China, for example, has opted for capital control and fixed exchange rates, policies that have largely insulated the Chinese economy from much of the turmoil in the globalized unregulated financial markets since 2007, and have allowed China to adopt monetary policies best suited for the internal needs of the Chinese economy.
The Masstricht Treasty Conflicts with the Mundell-Flemming Thesis
Mundell, who often proudly refers to himself as the conceptual father of the euro, thought his thesis could provide the working basis for a common currency among sovereign states in Europe without a political union, as defined by the terms of the enabling Masstricht Treaty of 1992, on the basis of which the European Monetary Union (EMU) was created. 
Mundell’s vision of a common currency for Europe requires sovereign states in the eurozone to give up domestic economic policy autonomy in exchange for cross-border capital mobility and stable exchange rates.

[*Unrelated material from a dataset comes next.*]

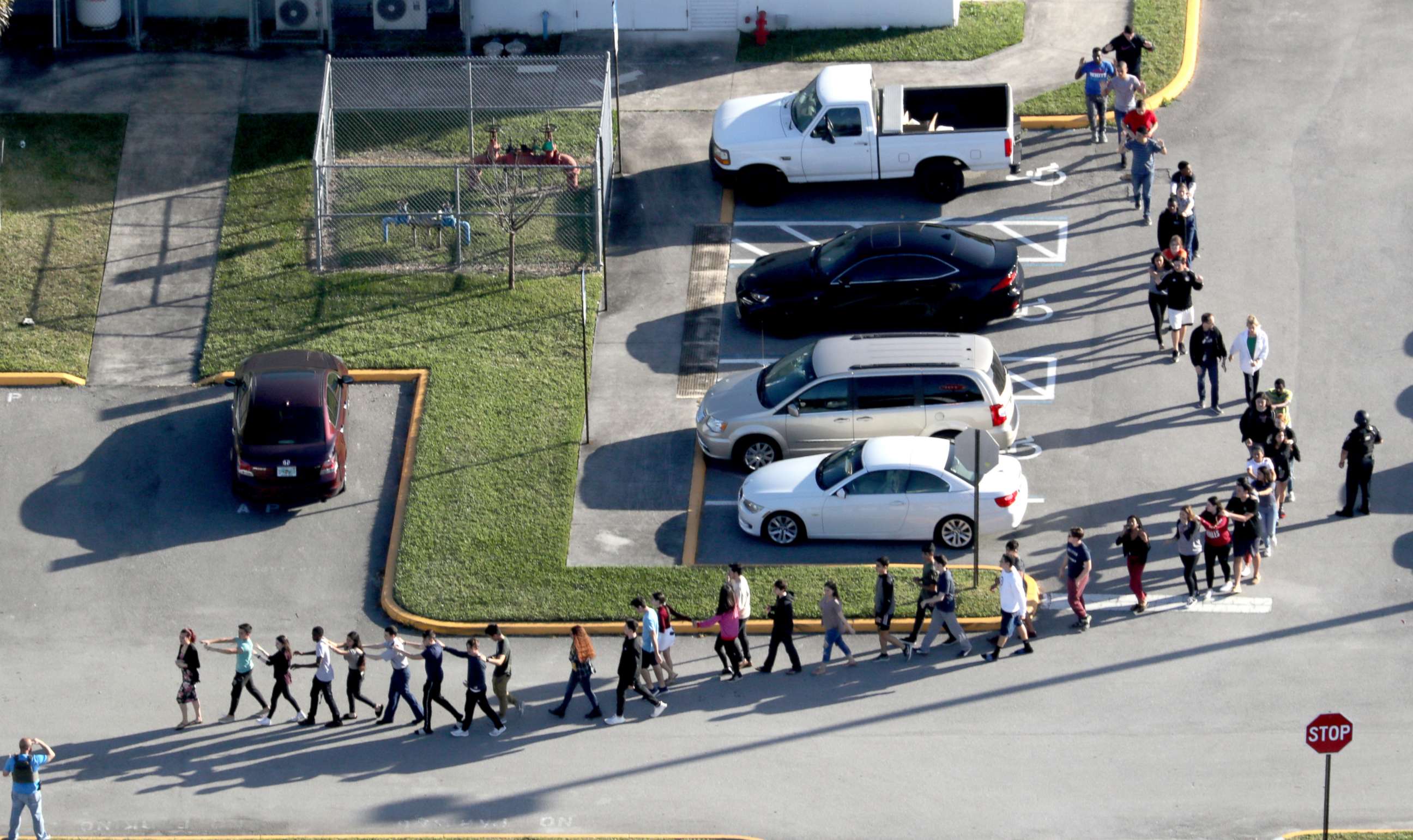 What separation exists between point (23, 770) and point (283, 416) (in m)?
6.75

Mundell, an economist rather than a political scientist, apparently did not take into account that national politics on economic issues, such as fiscal austerity and associated unemployment, always trump international economic concords such as the Masstricht Treaty.
Rebus sic Stantibus
This acknowledgment of political reality has been subscribed in international law by the concept of rebus sic stantibus, which states that when the objects of a treaty, or conditions under which it is concluded, no longer exit, the treaty itself becomes null and void per se (by itself). When an EMU member state breaches EMU convergence criteria of the euro, it will conceivably be legally free from all obligations to the terms of the enabling Masstricht Treaty of 1992.     
Financial Globalization Invites Foreign Manipulation of Domestic Capital Markets
Moreover, when financial globalization is accepted as the most effective way for the economy of a developing country to achieve growth by attracting foreign investment and credit, the window for foreign speculative funds to manipulate its capital markets will be kept wide open.

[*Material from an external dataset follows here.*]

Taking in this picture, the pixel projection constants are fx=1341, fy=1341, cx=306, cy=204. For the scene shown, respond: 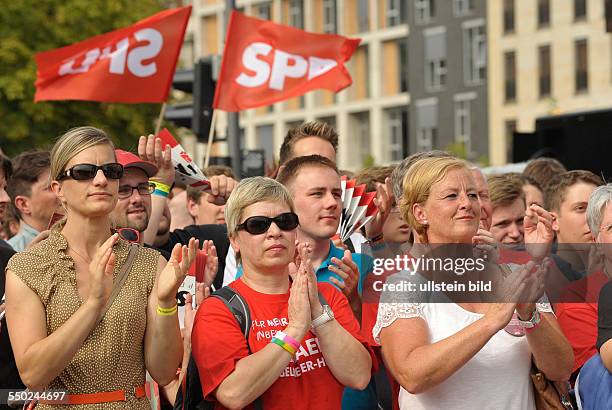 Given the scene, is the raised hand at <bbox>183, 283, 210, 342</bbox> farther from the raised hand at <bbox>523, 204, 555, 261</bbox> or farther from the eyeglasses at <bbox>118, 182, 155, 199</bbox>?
the raised hand at <bbox>523, 204, 555, 261</bbox>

In any open economy without capital control and with full currency convertibility, when growth is dependent on free flow of foreign capital and credit denominated in foreign currency which must be serviced with export earnings denominated in foreign currency, the only viable monetary options available to the monetary authority are extreme ones: floating exchange rate with autonomy in monetary policy, or fixed exchange rate without monetary autonomy. There are no hybrids available. The worst of both worlds is when a local currency is pegged to the fiat US dollar, a currency whose issuer follows a monetary policy exclusively designed only for the needs of the US economy, and not the needs of the economies which choose to peg the exchange value of their currencies to the dollar.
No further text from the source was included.